Categories of Hinges
Depending on the type of cabinet frame you have, there are several different categories of cabinet door hinges. They can be hidden, showing, in-laid, or even wrap around. No matter what category of hinge you are looking at, they all have the same basic concept. Hinges all have four basic parts. They have two wings. The first wing is the cabinet side wing that attaches to the cabinet frame. The second wing is the door side wing that attaches to the cabinet door. There is also a knuckle in the middle of the two wings that attaches the two together. Inside this knuckle is a pin that makes it possible for the hinge to open and close.

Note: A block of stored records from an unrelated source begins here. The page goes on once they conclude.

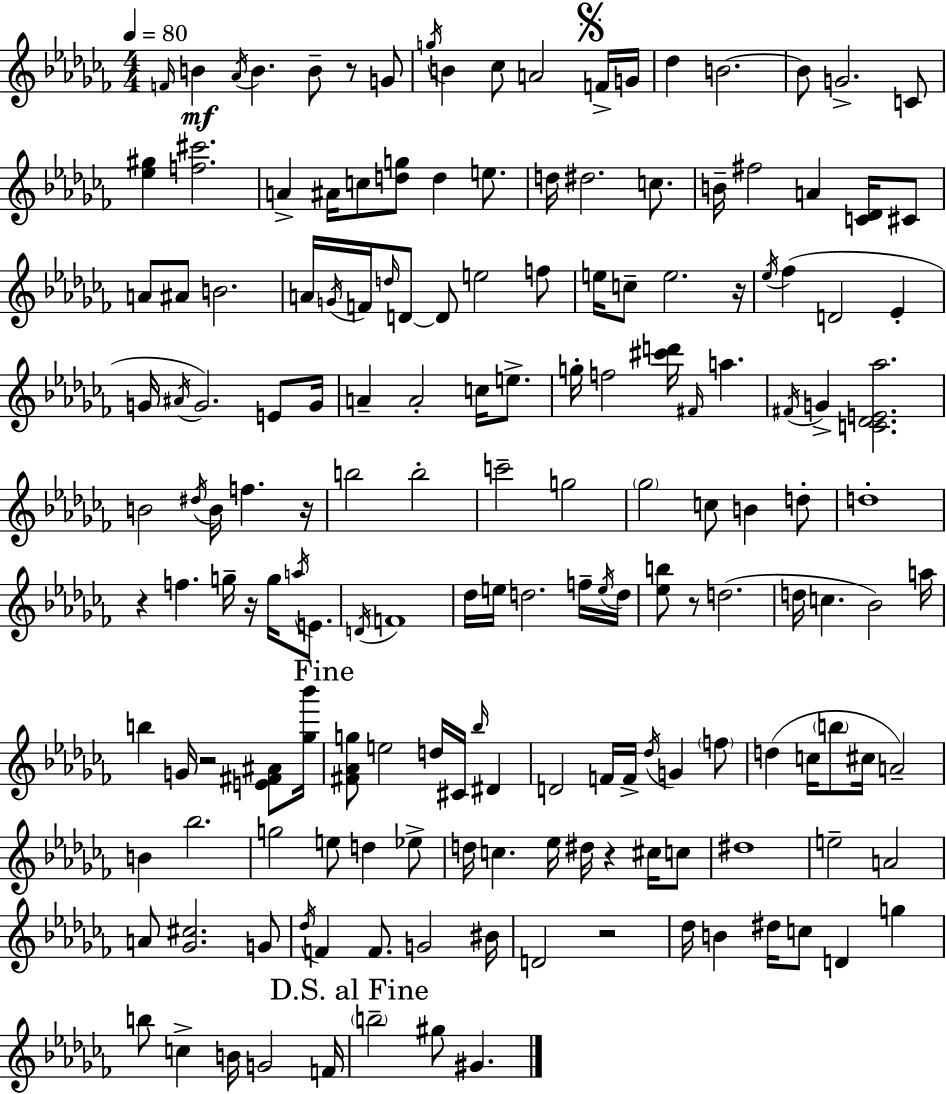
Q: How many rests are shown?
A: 9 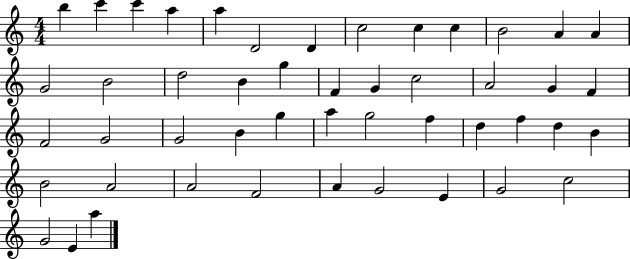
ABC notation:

X:1
T:Untitled
M:4/4
L:1/4
K:C
b c' c' a a D2 D c2 c c B2 A A G2 B2 d2 B g F G c2 A2 G F F2 G2 G2 B g a g2 f d f d B B2 A2 A2 F2 A G2 E G2 c2 G2 E a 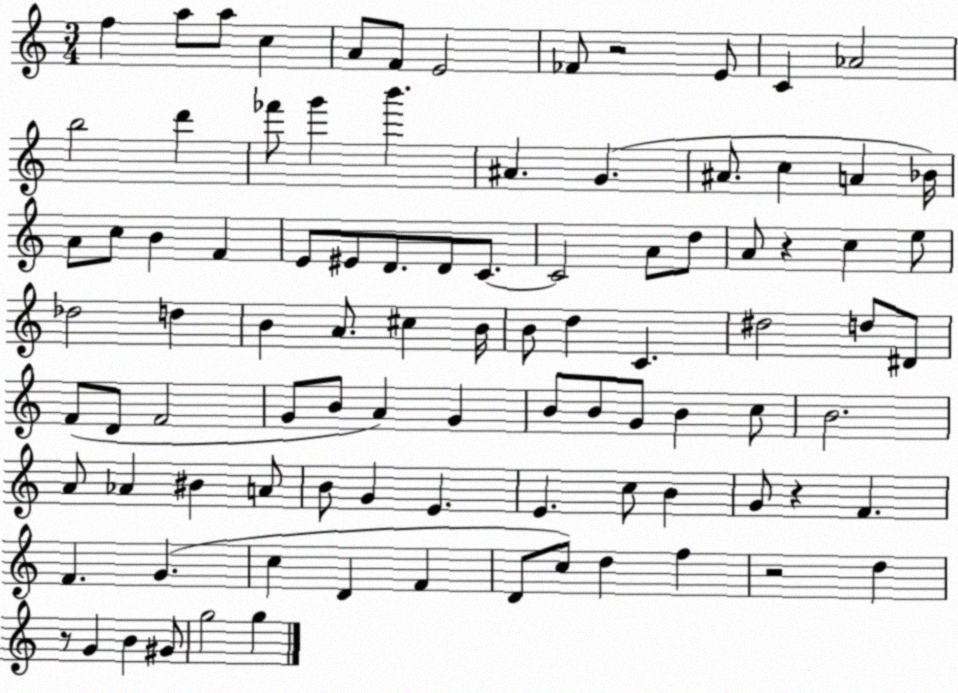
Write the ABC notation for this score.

X:1
T:Untitled
M:3/4
L:1/4
K:C
f a/2 a/2 c A/2 F/2 E2 _F/2 z2 E/2 C _A2 b2 d' _f'/2 g' b' ^A G ^A/2 c A _B/4 A/2 c/2 B F E/2 ^E/2 D/2 D/2 C/2 C2 A/2 d/2 A/2 z c e/2 _d2 d B A/2 ^c B/4 B/2 d C ^d2 d/2 ^D/2 F/2 D/2 F2 G/2 B/2 A G B/2 B/2 G/2 B c/2 B2 A/2 _A ^B A/2 B/2 G E E c/2 B G/2 z F F G c D F D/2 c/2 d f z2 d z/2 G B ^G/2 g2 g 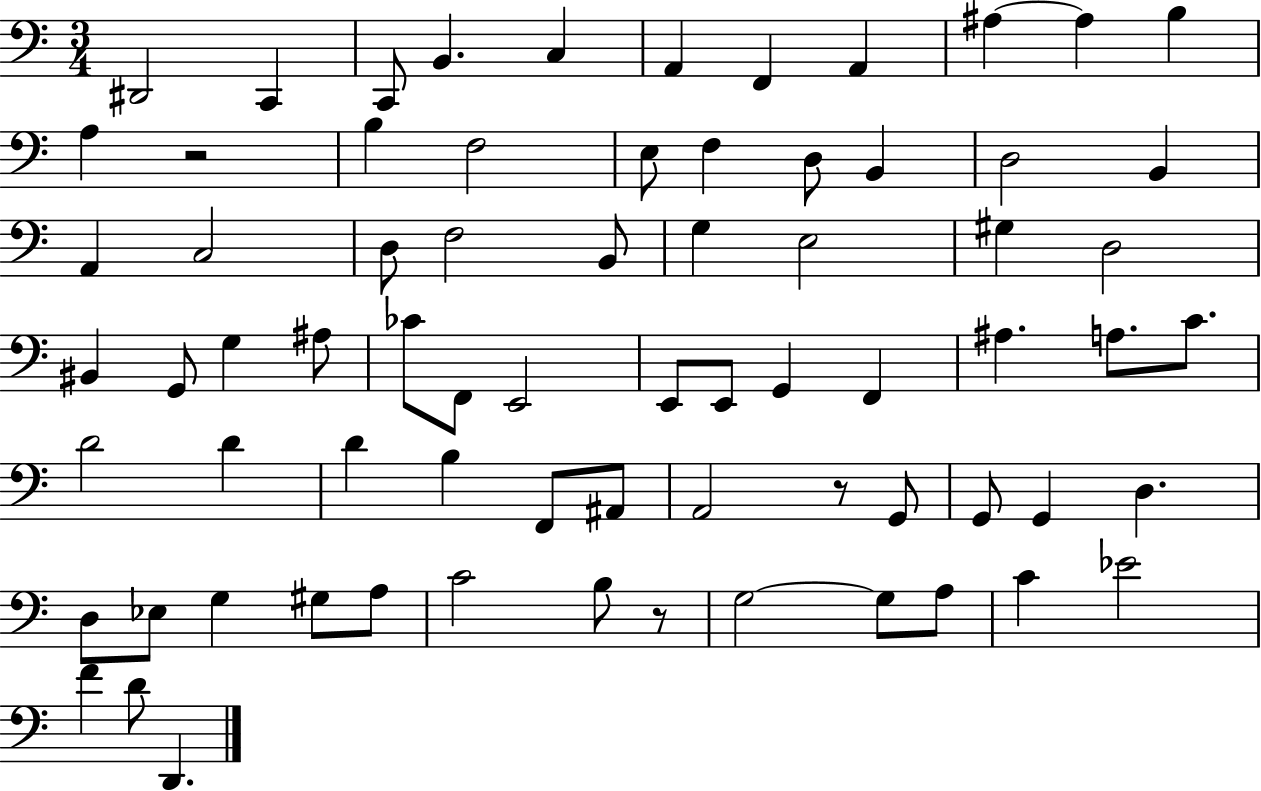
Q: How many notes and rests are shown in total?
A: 72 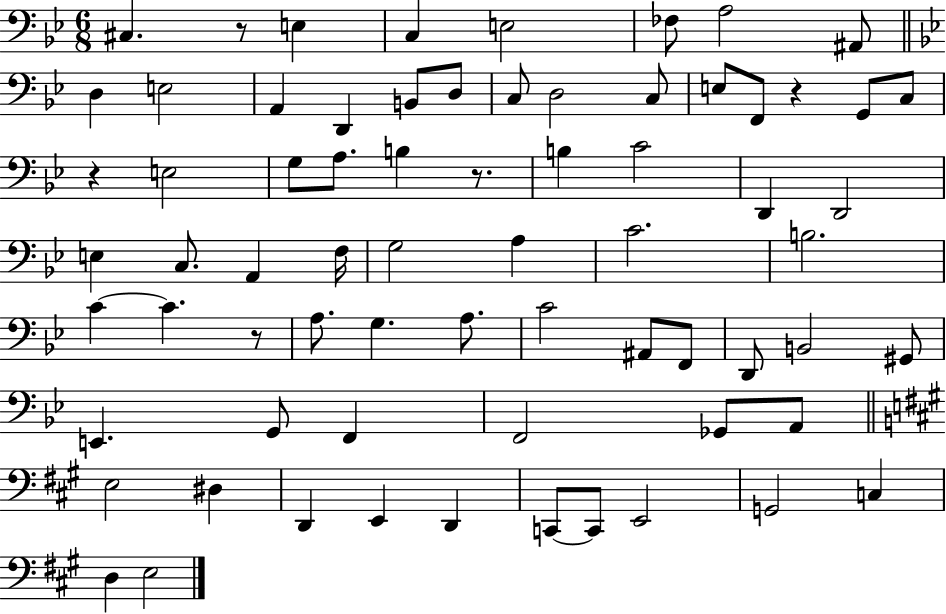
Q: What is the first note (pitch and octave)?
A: C#3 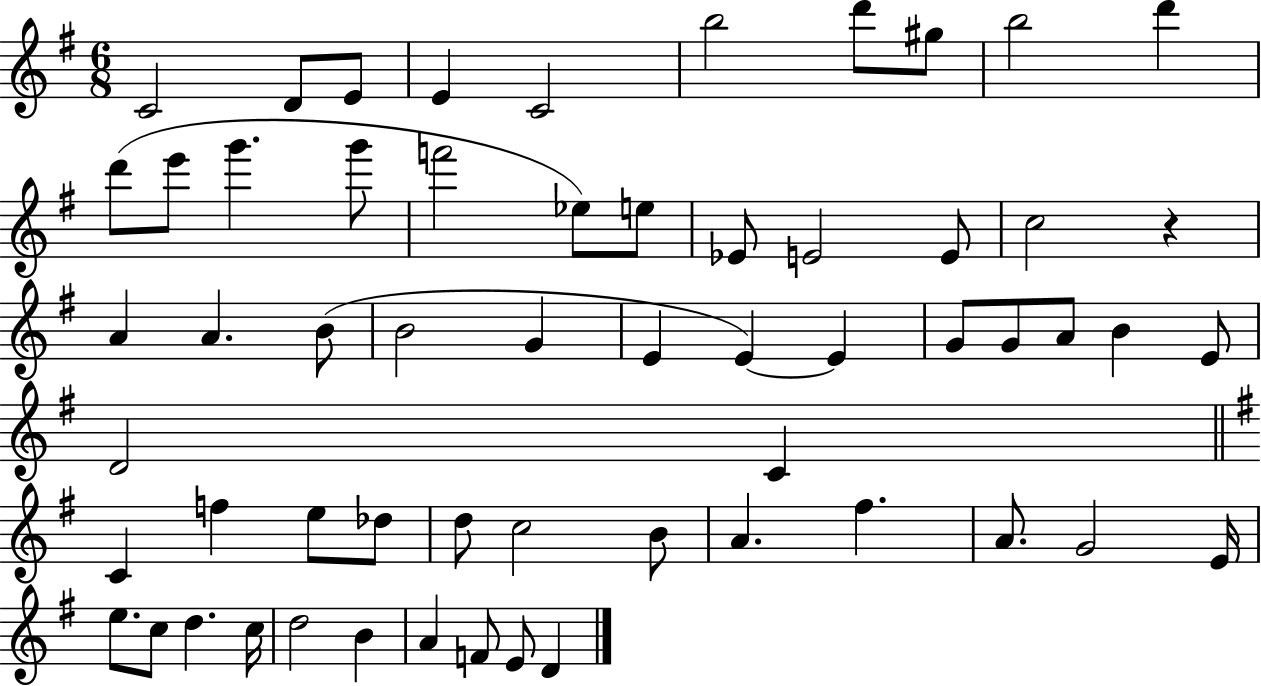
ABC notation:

X:1
T:Untitled
M:6/8
L:1/4
K:G
C2 D/2 E/2 E C2 b2 d'/2 ^g/2 b2 d' d'/2 e'/2 g' g'/2 f'2 _e/2 e/2 _E/2 E2 E/2 c2 z A A B/2 B2 G E E E G/2 G/2 A/2 B E/2 D2 C C f e/2 _d/2 d/2 c2 B/2 A ^f A/2 G2 E/4 e/2 c/2 d c/4 d2 B A F/2 E/2 D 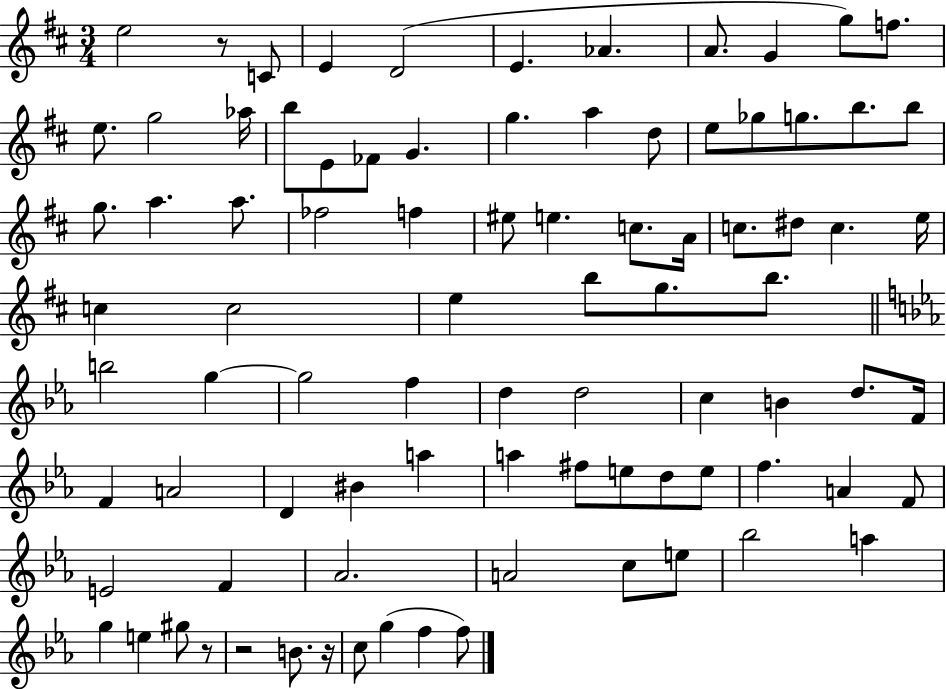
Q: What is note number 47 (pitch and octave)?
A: G5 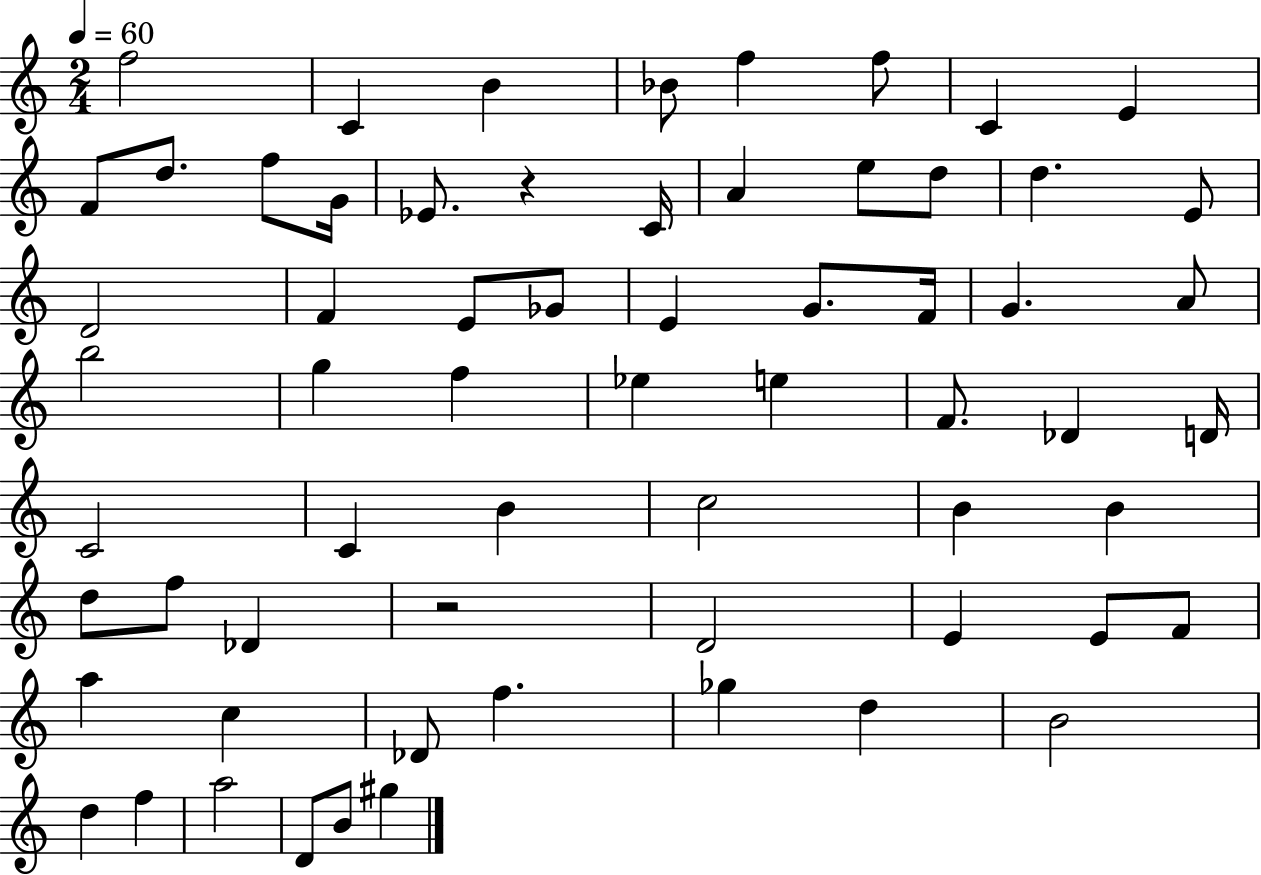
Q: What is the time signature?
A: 2/4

Flush hinges are those that are inset into the cabinet. They are usually found on the inside of the cabinet door and sit in a rabbet that has been routered, or chiseled into the cabinet and door. The only part that is sticking out is the knuckle of the hinge. Some flush hinges also have the knuckle inset also.
Wrap Around Hinges
This type of cabinet door hinge will be on the outside of the cabinet. While they are on the outside of the cabinet door, they can also be inset. If the cabinet door and cabinet frame of the same thickness, you can easily inset the wrap around hinge. These hinges can also be bevel, and even a reverse hinge.
This is probably the most common type of hinge available. These are of a basic structure and sit on the outside of the cabinet. This type of hinge can come in a lot of different styles and shapes, as well as materials. They are often decorative and alone can add a dramatic touch to your cabinet door.
Full Extension Hinge
When you open a cabinet door sometimes it is necessary to get a little more opening on the door. A lot of hinges, especially some inside type hinges, do not allow for full extension. This type of hinge will allow you to open the door in almost a 300 degree arc.
When you have an unframed cabinet, the best type of cabinet door hinge is called the European hinge. This type of hinge is entirely concealed within the wood on the inside of the door. Quite often, but not always, these types of hinges are also self closing. When the door is left slightly ajar, it will self close from the tension spring in the hinge.